╭──

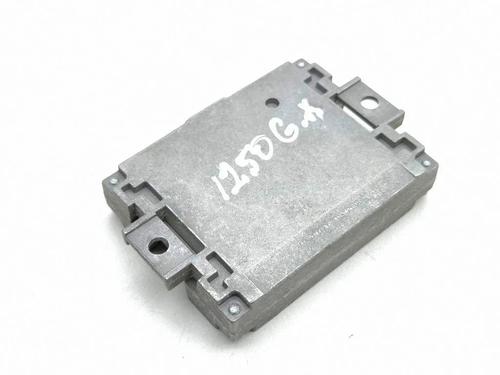 Electronic module SEAT ATECA (KH7, KHP) 1.6 TDI | BP40193269M83  - Image 6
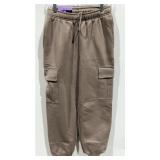 $24 size XS menï¿½s lower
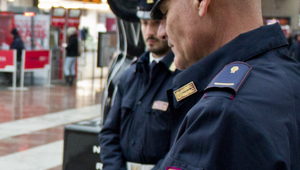 RITARDO PAGAMENTI INDENNITA\' STRADALE, POSTALE E FERROVIARIA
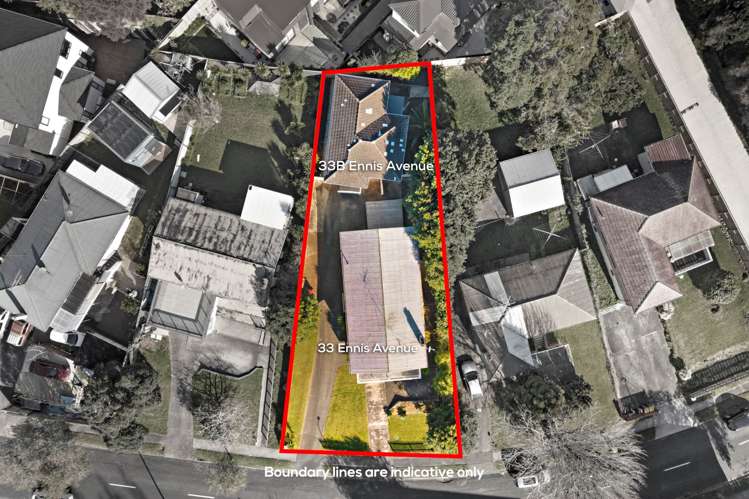 33 Ennis Avenue_1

╰──

• Work required: Copy the full listing above exactly, apart from the pictures.

• Response area:
 Electronic module SEAT ATECA (KH7, KHP) 1.6 TDI | BP40193269M83  - Image 6
 $24 size XS menï¿½s lower
 RITARDO PAGAMENTI INDENNITA\' STRADALE, POSTALE E FERROVIARIA
 33 Ennis Avenue_1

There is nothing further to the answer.